Coming down the hall she saw there were at least five bedrooms. And through the open door of one she
saw a woman of astonishing beauty; one leg up in a slip in front of a wall mirror. She had her leg on a chair and she was bent over it examining her stocking. In the mirror her eyes met Lena’s without
embarassment
. And Lena smiled. This was Lisa. As Danny had described her. Her lips narrow, but tenderly fleshed; her teeth small; her face as delicate as a Garbo; and yet there was something strange too in the face that for a second ran miserably across the rising current of Lena’s sexuality; a white sadness that reminded her of the young child in the high chair. That prevented Lena pausing to talk, to introduce herself. And she passed on down the stairs. Into a room now crowded with bright and shining people, the noise rising, her feelings merging into that noise. As she looked for another drink. And recognised across the room; with a little shock, not quite of surprise; the young boy from the
lakeside
. Eli. Dressed casually in some muted brown and green, between two young girls. She turned away quickly.
There it was now: localised. The sexual
excitement
. But she refused it. She refused it completely. Because he was too young and beautiful, and she was afraid. Of making her feelings known by some drunken accident … That would betray her.
Middle-aged
lechery. That might expose her. To some kind of snub. So she kept away, she kept entirely away; she even denied herself the pleasure of watching him, in case some facial sign gave away that she found him beautiful to look at.
And she was interested too; in something else that was going on; that she did not understand, and caught another kind of attention. As Lisa appeared fleetingly and white-faced at a door at her side, unconscious of Lena, signalling to Danny. Who crossed the room
towards her angrily: What have I told you Lisa? And the young girl’s lovely mouth twitched, and she drew a coat over her shoulders. Danny’s eyes followed the movement excitedly.
–Have you seen how you look? You’re ill. Have you looked at yourself?
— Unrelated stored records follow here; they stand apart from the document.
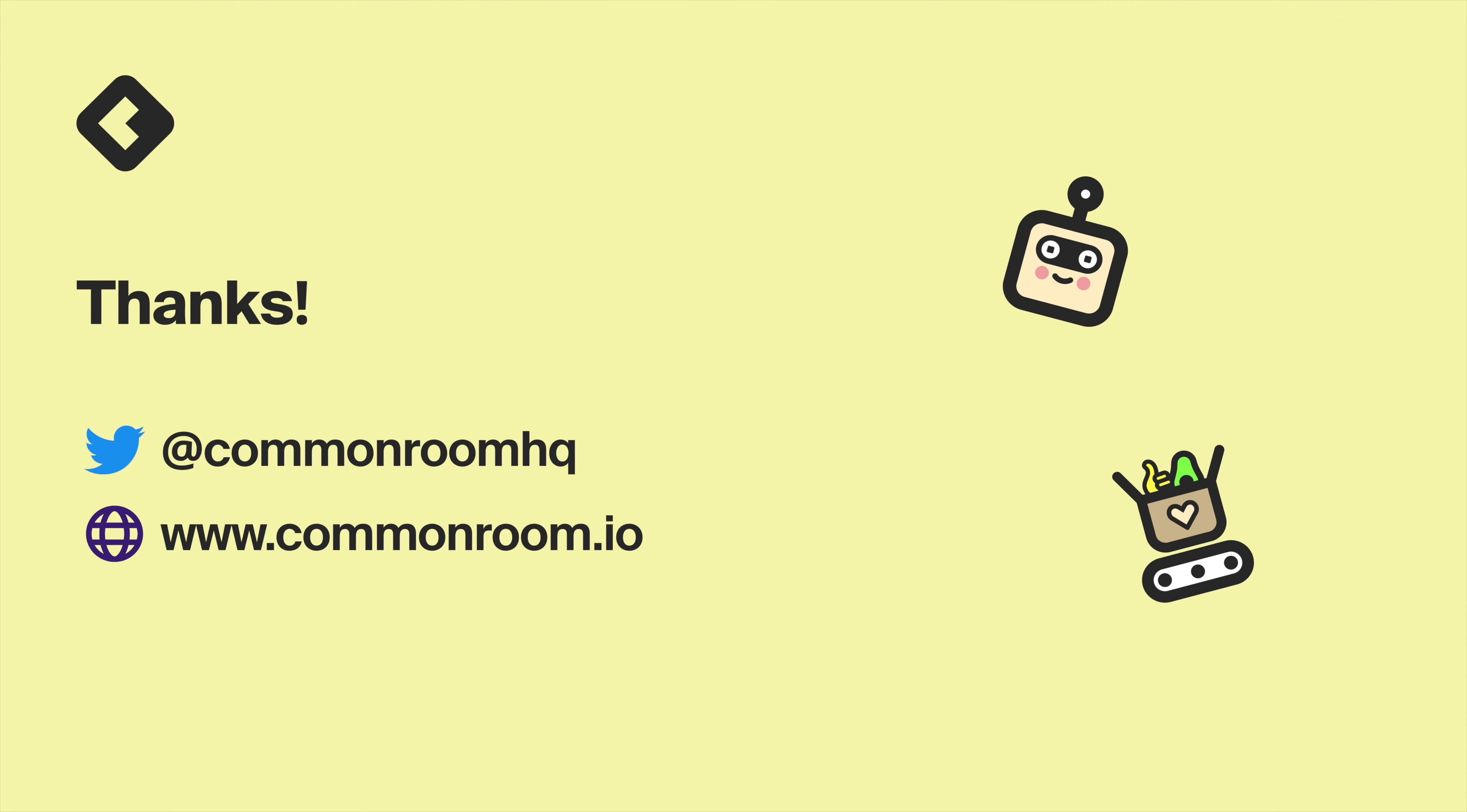And now we're ready to go into our CRM, HubSpot in this case, and set up a custom property, which will allow common room to sync community qualified properties into the CRM. And in this case, I already have the community qualified property and the community qualification date property set up. You'll need admin privileges to create them in your instance. So let's take a look at these.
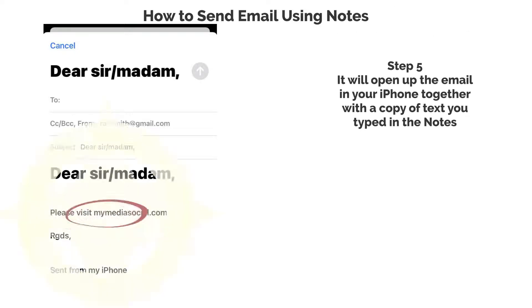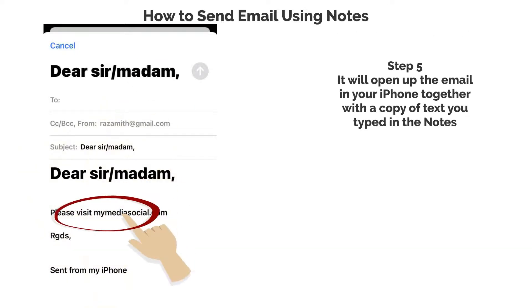Step 5. It will open up the email in your iPhone together with a copy of the text you typed in the notes.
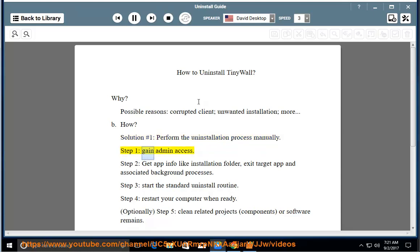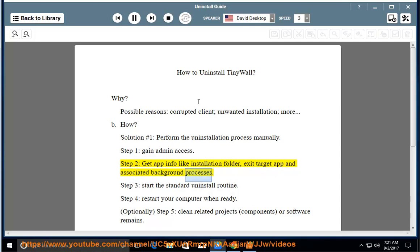Step 1: Gain admin access. Step 2: Get app info like installation folder, exit target app and associated background processes.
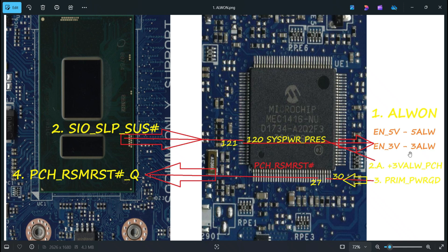From the IO, the first main signal released is ALWON. When this signal is released, the Enable 5V and Enable 3V signals will generate. Once these enable signals generate, the 5 volts always voltage and the 3 volts always voltage are generated accordingly.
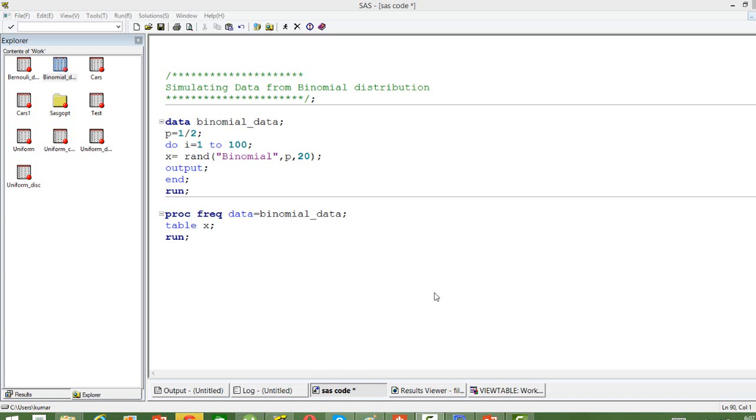In this video, I'm going to discuss how to simulate data from the binomial distribution. As you know, the binomial distribution is nothing but n number of binomial trials.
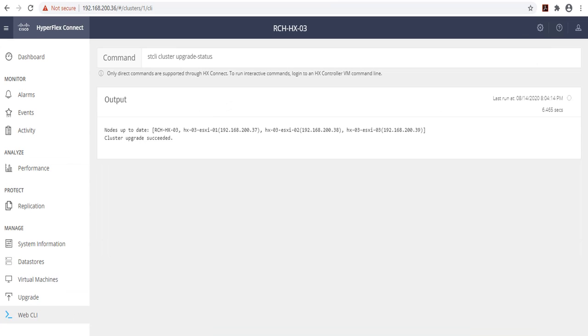In this video, we have discussed the steps required for upgrading your HyperFlex environment from 3.5 to version 4.0. We have also covered the process of upgrading your UCS firmware as well as your ESXi software. Thank you for watching.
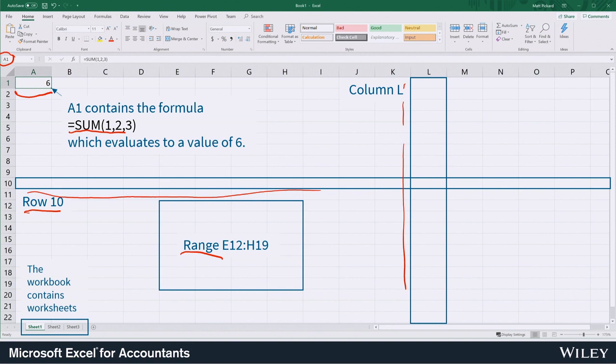When we reference a range there's a colon. So E12 to H19 is the top left corner of this range down to the bottom right corner of H19.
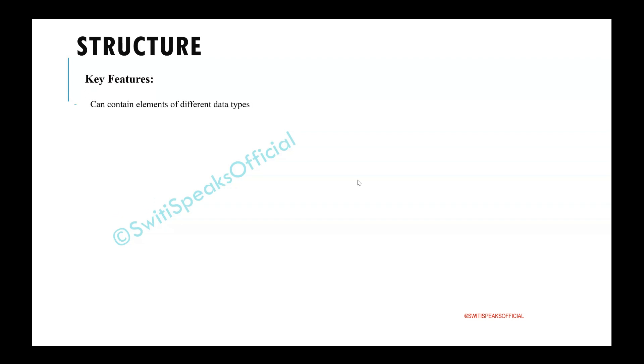Let's see the key features. The first feature is that structure can contain elements of different data types.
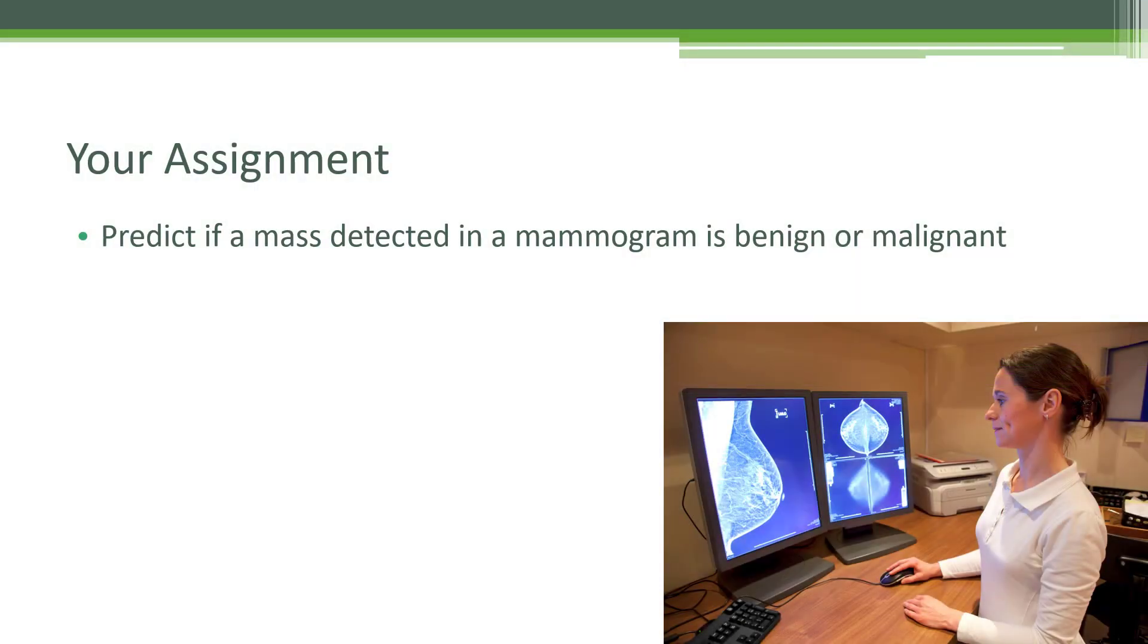So it's time to apply what you've learned so far in this deep learning course. Your final project is to take some real-world data, we talked about this in the ethics lecture actually, of masses detected in mammograms and just based on the measurements of those masses, see if you can predict whether they are benign or malignant.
You’re going off into town like that?
–I’m sorry, the girl managed, I’m sorry.
Lena moved through the groups of people, ghostlike, catching; pieces of the conversation of people she barely knew;
–See I read this letter from Mike he said you let Ed read first
–Worked my fucking arse off all Wednesday and then that bastard
–Did you see? Have you seen?
And she drank and moved among them happily; talking occasionally to a remembered face, but always in a kind of dream conscious of that figure at the other side of the room: the golden unaggressive quiet of his seated figure; the silence of his unassertive presence.